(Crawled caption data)

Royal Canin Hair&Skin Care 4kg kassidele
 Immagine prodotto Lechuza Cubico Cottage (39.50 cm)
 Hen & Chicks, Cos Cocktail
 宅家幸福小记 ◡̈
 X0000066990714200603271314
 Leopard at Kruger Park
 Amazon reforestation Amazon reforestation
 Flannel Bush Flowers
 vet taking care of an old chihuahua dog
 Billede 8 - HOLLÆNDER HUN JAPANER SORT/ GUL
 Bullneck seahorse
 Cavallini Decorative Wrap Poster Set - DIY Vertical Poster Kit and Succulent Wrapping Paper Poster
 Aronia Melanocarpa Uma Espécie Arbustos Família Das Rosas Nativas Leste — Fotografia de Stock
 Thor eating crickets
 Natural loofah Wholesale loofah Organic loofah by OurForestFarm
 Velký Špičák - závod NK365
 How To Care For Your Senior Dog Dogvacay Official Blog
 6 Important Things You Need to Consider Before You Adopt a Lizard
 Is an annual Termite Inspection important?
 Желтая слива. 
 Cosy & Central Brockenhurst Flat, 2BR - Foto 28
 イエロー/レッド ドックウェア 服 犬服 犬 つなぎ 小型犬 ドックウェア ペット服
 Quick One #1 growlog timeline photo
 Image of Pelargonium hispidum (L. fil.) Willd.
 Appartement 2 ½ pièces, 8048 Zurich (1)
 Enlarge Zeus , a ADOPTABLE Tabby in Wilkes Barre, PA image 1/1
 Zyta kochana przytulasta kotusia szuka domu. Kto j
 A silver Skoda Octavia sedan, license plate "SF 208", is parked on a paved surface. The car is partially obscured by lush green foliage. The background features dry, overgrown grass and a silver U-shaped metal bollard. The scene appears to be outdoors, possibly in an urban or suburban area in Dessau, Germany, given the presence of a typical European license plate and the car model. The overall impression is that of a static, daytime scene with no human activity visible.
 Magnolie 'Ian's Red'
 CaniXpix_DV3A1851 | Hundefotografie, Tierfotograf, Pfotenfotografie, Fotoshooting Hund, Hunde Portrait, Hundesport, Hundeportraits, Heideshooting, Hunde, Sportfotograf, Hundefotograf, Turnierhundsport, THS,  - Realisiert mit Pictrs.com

- Aim of the exercise -
Transcribe all of the lines in the records precisely.

- Exercise result -
Royal Canin Hair&Skin Care 4kg kassidele
 Immagine prodotto Lechuza Cubico Cottage (39.50 cm)
 Hen & Chicks, Cos Cocktail
 宅家幸福小记 ◡̈
 X0000066990714200603271314
 Leopard at Kruger Park
 Amazon reforestation Amazon reforestation
 Flannel Bush Flowers
 vet taking care of an old chihuahua dog
 Billede 8 - HOLLÆNDER HUN JAPANER SORT/ GUL
 Bullneck seahorse
 Cavallini Decorative Wrap Poster Set - DIY Vertical Poster Kit and Succulent Wrapping Paper Poster
 Aronia Melanocarpa Uma Espécie Arbustos Família Das Rosas Nativas Leste — Fotografia de Stock
 Thor eating crickets
 Natural loofah Wholesale loofah Organic loofah by OurForestFarm
 Velký Špičák - závod NK365
 How To Care For Your Senior Dog Dogvacay Official Blog
 6 Important Things You Need to Consider Before You Adopt a Lizard
 Is an annual Termite Inspection important?
 Желтая слива. 
 Cosy & Central Brockenhurst Flat, 2BR - Foto 28
 イエロー/レッド ドックウェア 服 犬服 犬 つなぎ 小型犬 ドックウェア ペット服
 Quick One #1 growlog timeline photo
 Image of Pelargonium hispidum (L. fil.) Willd.
 Appartement 2 ½ pièces, 8048 Zurich (1)
 Enlarge Zeus , a ADOPTABLE Tabby in Wilkes Barre, PA image 1/1
 Zyta kochana przytulasta kotusia szuka domu. Kto j
 A silver Skoda Octavia sedan, license plate "SF 208", is parked on a paved surface. The car is partially obscured by lush green foliage. The background features dry, overgrown grass and a silver U-shaped metal bollard. The scene appears to be outdoors, possibly in an urban or suburban area in Dessau, Germany, given the presence of a typical European license plate and the car model. The overall impression is that of a static, daytime scene with no human activity visible.
 Magnolie 'Ian's Red'
 CaniXpix_DV3A1851 | Hundefotografie, Tierfotograf, Pfotenfotografie, Fotoshooting Hund, Hunde Portrait, Hundesport, Hundeportraits, Heideshooting, Hunde, Sportfotograf, Hundefotograf, Turnierhundsport, THS,  - Realisiert mit Pictrs.com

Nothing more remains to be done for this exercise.